There are a few different types of insurance and programs that might cover this. The Social Security Administration offers benefits to disabled people called Social Security Disability (SSD), but there are requirements for the program. You may not qualify for SSD benefits, so you may choose to purchase long-term disability (LTD) insurance on your own or through your employer, if offered.
As with health insurance, home insurance, and auto insurance, long-term disability is an insurance policy that you may choose to purchase of your own free will. Your policy may be different from others depending on the state you live in, but LTD insurance will generally pay 50%-70% of your salary, and can pay for 5-10 years or until you turn 65. Wouldn’t it be nice to receive long-term disability and Social Security disability benefits at the same time?
I would, but sadly that’s usually not the case. Your LTD may change and possibly decrease based on whether or not you were approved for SSD benefits. For example, in a hypothetical situation, if your LTD benefits were $1,000 and your SSD benefits (for which you were approved) were $800, your LTD would only pay you $200. You would essentially pay the difference of what Social Security is paying you.
This would seem to be quite unfair. Social Security is a government-funded program for which you may qualify. But your long-term disability insurance is something you actually paid for services for. Is it fair for the insurance company to change your benefits based on whether or not you were approved for a government-funded program? You would think not.
Your LTD provisions may actually require you to complete a social security disability application, because if approved, it will reduce your chances of having to pay in full. Insurance companies are still a business and they are in it to make a profit. However, if your LTD requires you to apply, you should not ignore it.

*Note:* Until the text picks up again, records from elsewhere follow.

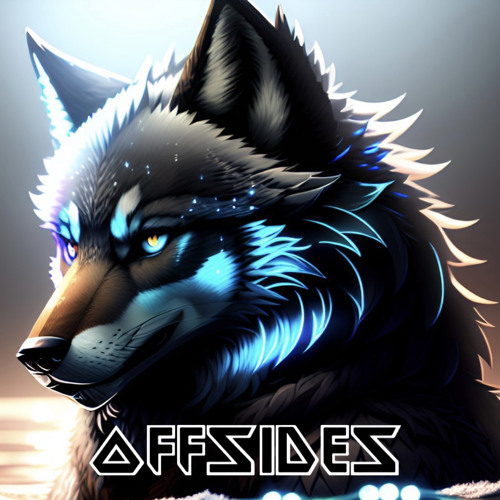 OFFSIDES’s avatar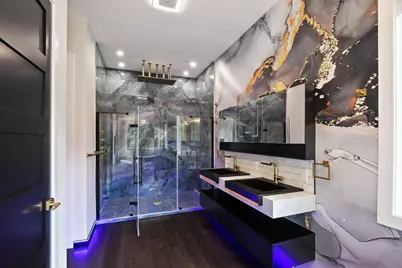 18663 Ogden Circle NW, Elk River, MN 55330 - Photo 46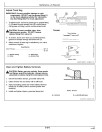 John Deere 17P Compact Excavators (PIN: from 1FF017P A_ _K _00001) Operators Manual (OMT489504X019)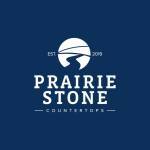 Prairie Stone Profile Picture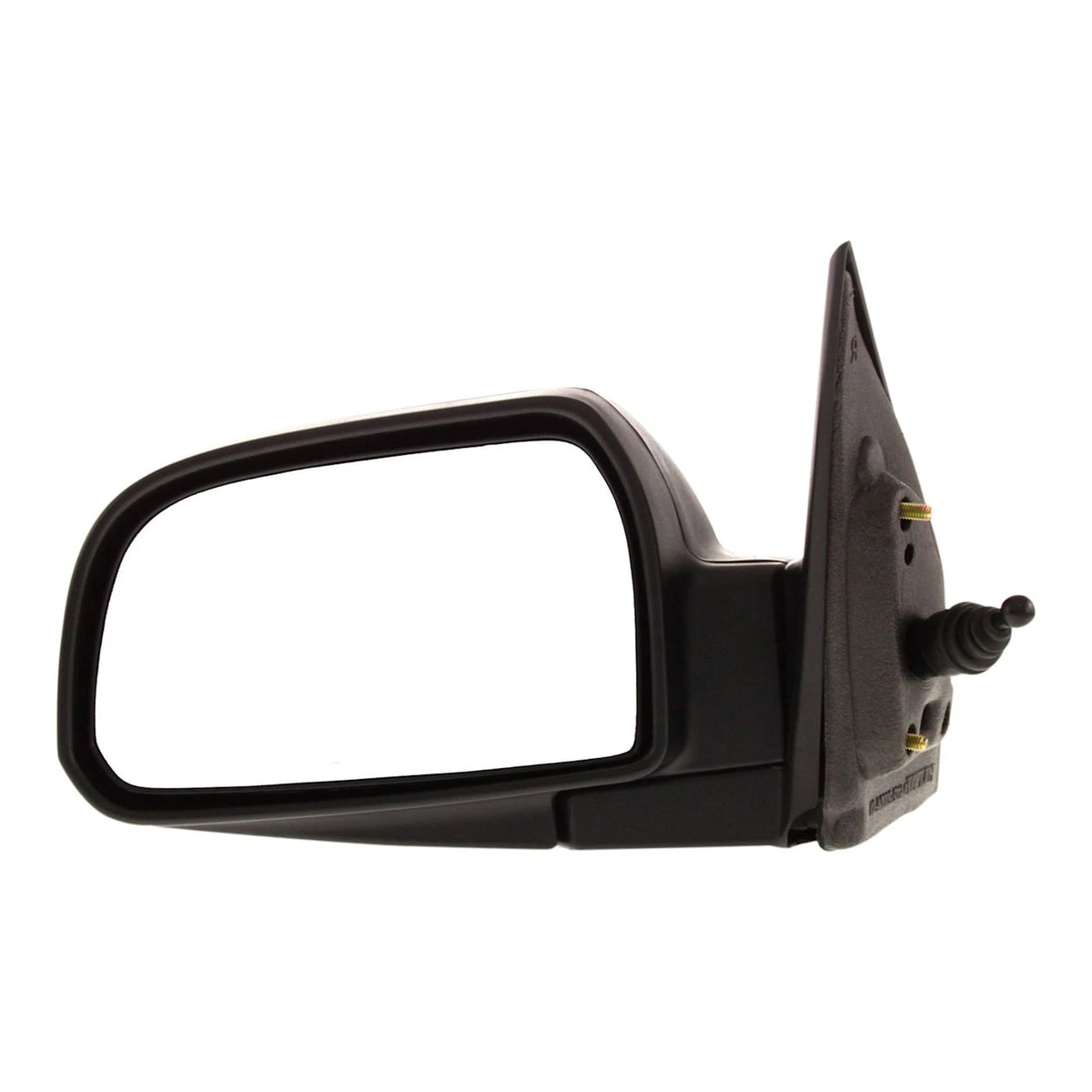 Driver Left Side Mirror for Hyundai Tucson (2005–2009)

Your benefits may be denied entirely if you don’t bother to apply for Social Security.
But if your long-term disability insurance doesn’t provide that requirement, you should avoid any attempts your employer or insurance company might make to encourage you to do so. They may try to refer you to services or people who will help you with the application, but whether they approve or deny you, you may be at risk of offsetting your LTD benefits.
The relationship between Social Security Disability Insurance and long-term disability insurance is complicated. SSD approval may affect and offset your LTD benefits.